A recente crise dos combustíveis assustou. A mobilidade urbana, dependente até a medula do modelo rodoviário, levou um baque. Como alternativa, a percepção de que é preciso investir em outras formas de transporte de massa para garantir o deslocamento da população. É aí onde entram as redes de transporte sobre trilhos – trens e metrôs. E quem faz a defesa desse modelo é Roberta Marchesi, superintendente da Associação Nacional dos Transportadores de Passageiros sobre Trilhos (ANPTrilhos). Na entrevista a seguir, ela lembra que perdemos uma excelente chance de ter ampliado a pequena malha metroferroviária do País na época dos jogos mundiais e que, agora, é preciso cobrar uma visão moderna e consciente dos futuros gestores, a serem eleitos nas próximas eleições. É preciso que todos entendam que a prioridade aos trilhos é mais do que urgente para que as médias e grandes cidades não travem de vez.
JC – A crise dos combustíveis mostrou que o Brasil precisa se libertar do modelo rodoviário para se locomover. Por que o País continua de costas para o transporte metroferroviário como solução para a mobilidade urbana nas médias e grandes cidades?
Roberta Marchesi – É algo cultural, que começou em 1950, quando o Brasil resolveu adotar o modelo rodoviário, expandido a indústria automobilística como forma de alavancar a economia. Foi uma decisão que para aquela época poderia ser interessante, mas não é mais. E o problema é que os governantes fecharam os olhos para qualquer outro tipo de transporte que não fosse o rodoviário. As cidades cresceram, as regiões metropolitanas se expandiram e a gente terminou refém do transporte público como solução de mobilidade. Sem ele as cidades não andam. Com o tempo, o que é mais grave, criamos também um lapso cultural sobre a importância do transporte metroferroviário e de engenharia, porque paramos de desenvolver projetos de transporte de passageiros. E hoje não há mais solução de mobilidade urbana para os médios e grandes centros urbanos que não passe por uma alternativa de alta demanda, que é o transporte sobre trilhos.

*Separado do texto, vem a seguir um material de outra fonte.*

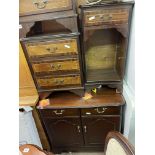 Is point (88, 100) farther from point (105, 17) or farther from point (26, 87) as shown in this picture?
point (105, 17)

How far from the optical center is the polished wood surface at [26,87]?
1.67m

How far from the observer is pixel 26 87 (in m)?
1.80

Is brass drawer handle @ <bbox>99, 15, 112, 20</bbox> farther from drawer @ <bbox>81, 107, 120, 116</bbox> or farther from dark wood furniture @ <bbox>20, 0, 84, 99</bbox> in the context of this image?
drawer @ <bbox>81, 107, 120, 116</bbox>

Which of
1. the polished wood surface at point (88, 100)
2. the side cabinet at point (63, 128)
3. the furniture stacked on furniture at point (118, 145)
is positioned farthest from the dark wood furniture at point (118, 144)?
the side cabinet at point (63, 128)

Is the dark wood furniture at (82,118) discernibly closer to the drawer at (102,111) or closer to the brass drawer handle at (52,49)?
the drawer at (102,111)

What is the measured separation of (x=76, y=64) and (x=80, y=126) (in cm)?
69

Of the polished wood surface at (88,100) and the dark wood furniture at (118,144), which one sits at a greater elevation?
the dark wood furniture at (118,144)

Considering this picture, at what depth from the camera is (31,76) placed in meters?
1.71

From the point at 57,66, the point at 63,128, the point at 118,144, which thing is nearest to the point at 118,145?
the point at 118,144

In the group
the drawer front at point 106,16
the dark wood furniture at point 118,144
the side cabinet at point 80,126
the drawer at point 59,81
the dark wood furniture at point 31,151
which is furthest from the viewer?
the side cabinet at point 80,126

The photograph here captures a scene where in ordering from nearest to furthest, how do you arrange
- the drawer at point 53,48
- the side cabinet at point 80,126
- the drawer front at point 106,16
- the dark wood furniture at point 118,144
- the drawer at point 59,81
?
the dark wood furniture at point 118,144
the drawer front at point 106,16
the drawer at point 53,48
the drawer at point 59,81
the side cabinet at point 80,126

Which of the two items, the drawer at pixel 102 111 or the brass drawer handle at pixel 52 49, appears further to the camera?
the drawer at pixel 102 111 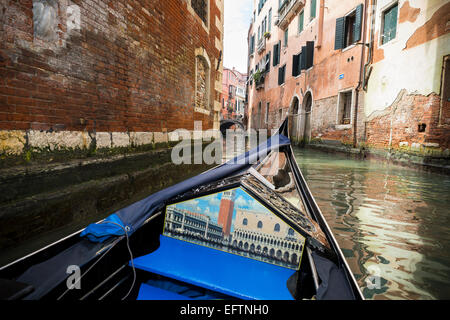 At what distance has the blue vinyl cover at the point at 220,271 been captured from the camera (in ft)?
3.62

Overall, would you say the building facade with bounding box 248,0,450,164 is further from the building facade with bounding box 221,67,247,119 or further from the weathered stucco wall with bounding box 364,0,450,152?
the building facade with bounding box 221,67,247,119

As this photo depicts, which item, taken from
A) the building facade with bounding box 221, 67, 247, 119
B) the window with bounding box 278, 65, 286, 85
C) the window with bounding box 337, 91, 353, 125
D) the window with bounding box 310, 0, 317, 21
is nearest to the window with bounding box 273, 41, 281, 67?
the window with bounding box 278, 65, 286, 85

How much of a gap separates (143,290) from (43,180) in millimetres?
1647

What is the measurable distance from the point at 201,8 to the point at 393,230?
6.88 meters

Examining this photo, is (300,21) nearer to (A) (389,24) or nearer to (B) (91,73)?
(A) (389,24)

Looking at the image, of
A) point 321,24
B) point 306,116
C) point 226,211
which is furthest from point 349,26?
point 226,211

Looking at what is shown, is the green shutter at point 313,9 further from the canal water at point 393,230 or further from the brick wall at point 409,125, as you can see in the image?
the canal water at point 393,230

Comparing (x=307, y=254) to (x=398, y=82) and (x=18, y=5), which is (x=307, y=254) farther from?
(x=398, y=82)

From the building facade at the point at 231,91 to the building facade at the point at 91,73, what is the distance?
31.9 m

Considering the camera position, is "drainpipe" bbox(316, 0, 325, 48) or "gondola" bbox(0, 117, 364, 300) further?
Answer: "drainpipe" bbox(316, 0, 325, 48)

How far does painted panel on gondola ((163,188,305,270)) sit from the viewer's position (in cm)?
126

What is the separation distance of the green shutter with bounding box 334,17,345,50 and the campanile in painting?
9.98 m

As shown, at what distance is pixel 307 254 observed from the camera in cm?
123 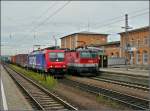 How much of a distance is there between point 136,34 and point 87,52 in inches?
1365

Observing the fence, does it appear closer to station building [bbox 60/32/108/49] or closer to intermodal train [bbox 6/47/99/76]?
intermodal train [bbox 6/47/99/76]

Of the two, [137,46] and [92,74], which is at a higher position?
[137,46]

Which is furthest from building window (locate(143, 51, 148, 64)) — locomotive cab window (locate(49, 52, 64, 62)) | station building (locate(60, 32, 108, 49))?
station building (locate(60, 32, 108, 49))

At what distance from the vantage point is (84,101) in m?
16.5

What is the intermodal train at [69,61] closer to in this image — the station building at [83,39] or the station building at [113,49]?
the station building at [113,49]

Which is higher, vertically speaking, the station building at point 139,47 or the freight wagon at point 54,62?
the station building at point 139,47

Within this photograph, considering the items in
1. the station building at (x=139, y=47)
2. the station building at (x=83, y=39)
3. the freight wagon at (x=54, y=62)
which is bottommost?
the freight wagon at (x=54, y=62)

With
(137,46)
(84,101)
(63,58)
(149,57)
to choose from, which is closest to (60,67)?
(63,58)

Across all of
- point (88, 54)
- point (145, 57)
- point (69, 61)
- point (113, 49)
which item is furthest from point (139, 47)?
point (88, 54)

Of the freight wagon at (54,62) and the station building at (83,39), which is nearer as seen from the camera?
the freight wagon at (54,62)

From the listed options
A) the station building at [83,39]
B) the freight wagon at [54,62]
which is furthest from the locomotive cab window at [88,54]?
the station building at [83,39]

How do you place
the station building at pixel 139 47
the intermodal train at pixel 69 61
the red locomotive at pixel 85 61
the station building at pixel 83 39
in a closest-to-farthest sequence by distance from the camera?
the intermodal train at pixel 69 61, the red locomotive at pixel 85 61, the station building at pixel 139 47, the station building at pixel 83 39

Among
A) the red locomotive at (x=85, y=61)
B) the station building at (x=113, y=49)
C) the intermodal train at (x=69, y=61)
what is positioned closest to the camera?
the intermodal train at (x=69, y=61)

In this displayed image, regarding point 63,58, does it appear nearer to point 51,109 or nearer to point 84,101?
point 84,101
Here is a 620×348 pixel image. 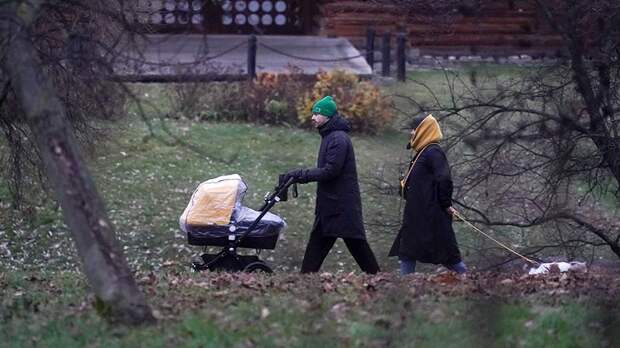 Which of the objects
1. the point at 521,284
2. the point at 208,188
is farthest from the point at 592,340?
the point at 208,188

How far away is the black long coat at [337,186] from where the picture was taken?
392 inches

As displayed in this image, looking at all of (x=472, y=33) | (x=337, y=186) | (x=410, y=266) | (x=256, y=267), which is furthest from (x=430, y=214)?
(x=472, y=33)

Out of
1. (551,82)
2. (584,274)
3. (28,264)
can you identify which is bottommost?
(28,264)

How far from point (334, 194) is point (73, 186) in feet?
12.6

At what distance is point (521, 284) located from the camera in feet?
27.7

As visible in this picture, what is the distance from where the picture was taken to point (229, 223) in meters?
10.1

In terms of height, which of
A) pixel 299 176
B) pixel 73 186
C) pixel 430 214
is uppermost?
pixel 73 186

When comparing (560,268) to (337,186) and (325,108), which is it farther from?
(325,108)

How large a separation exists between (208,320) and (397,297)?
1473mm

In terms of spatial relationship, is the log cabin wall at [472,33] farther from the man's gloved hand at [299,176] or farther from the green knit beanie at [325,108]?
the man's gloved hand at [299,176]

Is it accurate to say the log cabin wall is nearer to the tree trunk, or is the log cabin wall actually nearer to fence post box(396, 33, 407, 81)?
fence post box(396, 33, 407, 81)

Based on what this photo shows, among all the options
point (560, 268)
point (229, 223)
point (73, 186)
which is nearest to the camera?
point (73, 186)

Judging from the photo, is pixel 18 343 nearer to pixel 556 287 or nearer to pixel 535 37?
pixel 556 287

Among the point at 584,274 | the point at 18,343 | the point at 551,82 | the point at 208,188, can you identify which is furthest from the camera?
the point at 551,82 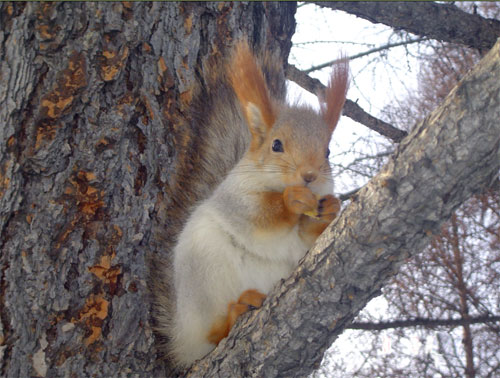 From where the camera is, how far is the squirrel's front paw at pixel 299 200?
1022 millimetres

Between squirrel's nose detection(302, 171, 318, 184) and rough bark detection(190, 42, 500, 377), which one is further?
squirrel's nose detection(302, 171, 318, 184)

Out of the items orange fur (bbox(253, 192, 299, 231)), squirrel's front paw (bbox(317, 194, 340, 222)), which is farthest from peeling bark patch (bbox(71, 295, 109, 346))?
squirrel's front paw (bbox(317, 194, 340, 222))

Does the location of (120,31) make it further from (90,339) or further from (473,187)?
(473,187)

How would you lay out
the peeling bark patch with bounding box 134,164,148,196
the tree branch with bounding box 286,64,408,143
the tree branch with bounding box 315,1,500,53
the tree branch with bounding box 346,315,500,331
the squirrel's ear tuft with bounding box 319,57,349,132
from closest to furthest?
the peeling bark patch with bounding box 134,164,148,196, the squirrel's ear tuft with bounding box 319,57,349,132, the tree branch with bounding box 315,1,500,53, the tree branch with bounding box 286,64,408,143, the tree branch with bounding box 346,315,500,331

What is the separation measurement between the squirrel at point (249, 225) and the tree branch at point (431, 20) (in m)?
0.30

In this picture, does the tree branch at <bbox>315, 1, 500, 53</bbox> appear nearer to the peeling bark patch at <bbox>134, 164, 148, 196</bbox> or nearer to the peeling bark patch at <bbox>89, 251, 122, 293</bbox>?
the peeling bark patch at <bbox>134, 164, 148, 196</bbox>

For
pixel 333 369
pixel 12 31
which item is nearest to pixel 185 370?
pixel 12 31

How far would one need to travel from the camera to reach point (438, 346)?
6.26 feet

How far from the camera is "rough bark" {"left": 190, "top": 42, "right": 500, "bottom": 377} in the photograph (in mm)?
A: 622

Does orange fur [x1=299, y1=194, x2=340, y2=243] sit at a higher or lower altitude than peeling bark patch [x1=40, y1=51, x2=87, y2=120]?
higher

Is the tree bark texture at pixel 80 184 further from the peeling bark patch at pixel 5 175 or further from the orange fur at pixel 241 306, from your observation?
the orange fur at pixel 241 306

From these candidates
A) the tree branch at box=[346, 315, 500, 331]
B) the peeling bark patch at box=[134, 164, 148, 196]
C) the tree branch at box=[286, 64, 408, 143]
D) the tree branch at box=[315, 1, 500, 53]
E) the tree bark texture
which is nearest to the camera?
the tree bark texture

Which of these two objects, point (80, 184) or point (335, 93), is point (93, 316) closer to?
point (80, 184)

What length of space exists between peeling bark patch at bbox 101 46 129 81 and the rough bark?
0.54m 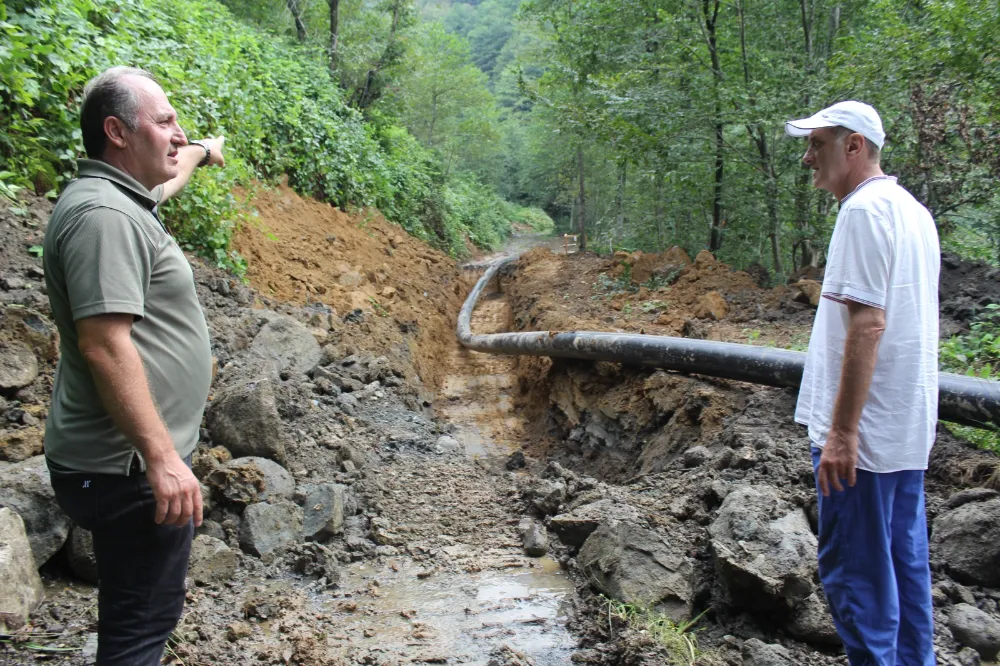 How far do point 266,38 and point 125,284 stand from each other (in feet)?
46.2

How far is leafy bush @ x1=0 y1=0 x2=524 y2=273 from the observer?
4898 mm

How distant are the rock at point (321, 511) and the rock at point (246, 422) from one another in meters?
0.39

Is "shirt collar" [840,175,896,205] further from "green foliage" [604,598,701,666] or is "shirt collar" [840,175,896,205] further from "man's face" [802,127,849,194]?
"green foliage" [604,598,701,666]

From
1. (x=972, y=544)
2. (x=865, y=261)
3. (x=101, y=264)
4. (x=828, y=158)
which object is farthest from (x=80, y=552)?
(x=972, y=544)

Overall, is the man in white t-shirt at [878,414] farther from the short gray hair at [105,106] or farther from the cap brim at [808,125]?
the short gray hair at [105,106]

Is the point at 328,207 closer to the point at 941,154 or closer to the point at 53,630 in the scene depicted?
the point at 941,154

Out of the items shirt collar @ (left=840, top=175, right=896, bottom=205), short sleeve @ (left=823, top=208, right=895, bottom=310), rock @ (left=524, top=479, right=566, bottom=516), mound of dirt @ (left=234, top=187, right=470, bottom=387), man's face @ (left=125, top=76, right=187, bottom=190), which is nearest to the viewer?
man's face @ (left=125, top=76, right=187, bottom=190)

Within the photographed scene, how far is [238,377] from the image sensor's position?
4980 mm

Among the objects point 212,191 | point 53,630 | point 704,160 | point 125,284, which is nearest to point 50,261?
point 125,284

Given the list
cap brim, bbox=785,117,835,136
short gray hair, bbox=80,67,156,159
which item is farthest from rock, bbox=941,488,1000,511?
short gray hair, bbox=80,67,156,159

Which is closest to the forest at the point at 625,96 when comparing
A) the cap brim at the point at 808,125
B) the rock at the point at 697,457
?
the rock at the point at 697,457

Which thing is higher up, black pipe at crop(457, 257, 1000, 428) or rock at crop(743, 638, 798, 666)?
black pipe at crop(457, 257, 1000, 428)

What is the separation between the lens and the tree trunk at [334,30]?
669 inches

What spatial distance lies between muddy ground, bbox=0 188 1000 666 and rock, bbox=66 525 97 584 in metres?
0.01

JC – Qual a força do transporte de passageiros sobre trilhos no Brasil e no mundo?
Roberta Marchesi – As grandes cidades do mundo usam o transporte sobre trilhos como solução nos grandes corredores. E nessas cidades mais desenvolvidas o transporte metroferroviário representa mais de 40% de todo o movimento diário de passageiros. No Brasil é bem diferente. O transporte sobre trilhos responde por menos de 6%. É um percentual muito baixo. Nas cidades brasileiras um pouco mais desenvolvidas, como São Paulo e Rio de Janeiro, esse percentual ainda atinge de 15% a 20% do transporte total da população. Mas se constata que, mesmo em cidades maiores, está muito abaixo do que uma cidade realmente precisa para ter uma mobilidade adequada. Há exemplos ade prioridade ao transporte sobre trilhos no mundo todo. Na Europa, Londres, Paris, Barcelona e Madri têm redes superiores a 400 quilômetros de trilhos. Nos EUA, Nova York, Los Angeles também têm sistemas avançados. Mas para não citar apenas exemplos norte-americanos ou europeus, vejamos os nossos amigos mexicanos. A Cidade do México tem um sistema de trilhos altamente desenvolvido. Que foi inaugurado no mesmo ano do metrô de São Paulo, há 50 anos, que é a cidade brasileira mais avançada sobre trilhos. Enquanto em 50 anos São Paulo fez 71 quilômetros de trilhos, a Cidade do México fez 220 quilômetros – ou seja, mais de quatro vezes mais trilhos. Eles andaram muito mais rápido e isso demonstra a prioridade que cada um dos governos deu ao transporte metroferroviário.
“A malha sobre trilhos no Brasil é de apenas 1.064 quilômetros de extensão, muito pouco comparado com grandes cidades do mundo. Mostra o quanto precisamos avançar na expansão do transporte metroferroviário como solução de alta capacidade nas médias e grandes cidades. Perdemos a chance nos jogos mundiais, mas agora teremos as eleições para presidente”,
JC – Então por que erramos lá atrás e continuamos errando, ignorando o potencial do transporte sobre trilhos?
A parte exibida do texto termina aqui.